Big Data is pushing beyond traditional definitions for information trust, openness, and responsibility. Governance, previously consigned to static roles and typically employed in larger organizations, is becoming an increasingly important intrinsic design consideration for Big Data systems. c Reference to NBDRA Data Provider.
Legacy security solutions need to be retargeted to the infrastructural shift due to Big Data. Legacy security solutions address infrastructural security concerns that still persist in Big Data, such as authentication, access control and authorization. These solutions need to be retargeted to the underlying Big Data High Performance Computing (HPC) resources or completely replaced. Oftentimes, such resources can face the public domain, and thus necessitate vigilant security methods to prevent adversarial manipulation and preserve integrity of operations.
Information assurance and disaster recovery for Big Data Systems may require unique and emergent practices. Because of its extreme scalability, Big Data presents challenges for information assurance (IA) and disaster recovery (DR) practices that were not previously addressed in a systematic way. Traditional backup methods may be impractical for Big Data systems. In addition, test, verification, and provenance assurance for Big Data replicas may not complete in time to meet temporal requirements that were readily accommodated in smaller systems.

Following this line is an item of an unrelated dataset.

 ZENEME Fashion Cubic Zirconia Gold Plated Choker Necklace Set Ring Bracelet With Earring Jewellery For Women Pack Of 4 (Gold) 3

Big Data creates potential targets of increased value. The effort required to consummate system attacks will be scaled to meet the opportunity value. Big Data systems will present concentrated, high-value targets to adversaries. As Big Data becomes ubiquitous, such targets are becoming more numerous—a new information technology (IT) scenario in itself.
Risks have increased for de-anonymization and transfer of PII without consent traceability. Security and privacy can be compromised through unintentional lapses or malicious attacks on data integrity. Managing data integrity for Big Data presents additional challenges related to all the Big Data characteristics, but especially for PII. While there are technologies available to develop methods for de-identification, some experts caution that equally powerful methods can leverage Big Data to re-identify personal information. For example, the availability of unanticipated datasets could make re-identification possible. Even when technology is able to preserve privacy, proper consent and use may not follow the path of the data through various custodians. Because of the broad collection and set of uses of big data, consent for collection is much less likely to be sufficient and should be augmented with technical and legal controls to provide auditability and accountability for use.  
Emerging Risks in Open Data and Big Science. Data identification, metadata tagging, aggregation, and segmentation—widely anticipated for data science and open datasets—if not properly managed, may have degraded veracity because they are derived and not primary information sources. Retractions of peer-reviewed research due to inappropriate data interpretations may become more commonplace as researchers leverage third-party Big Data.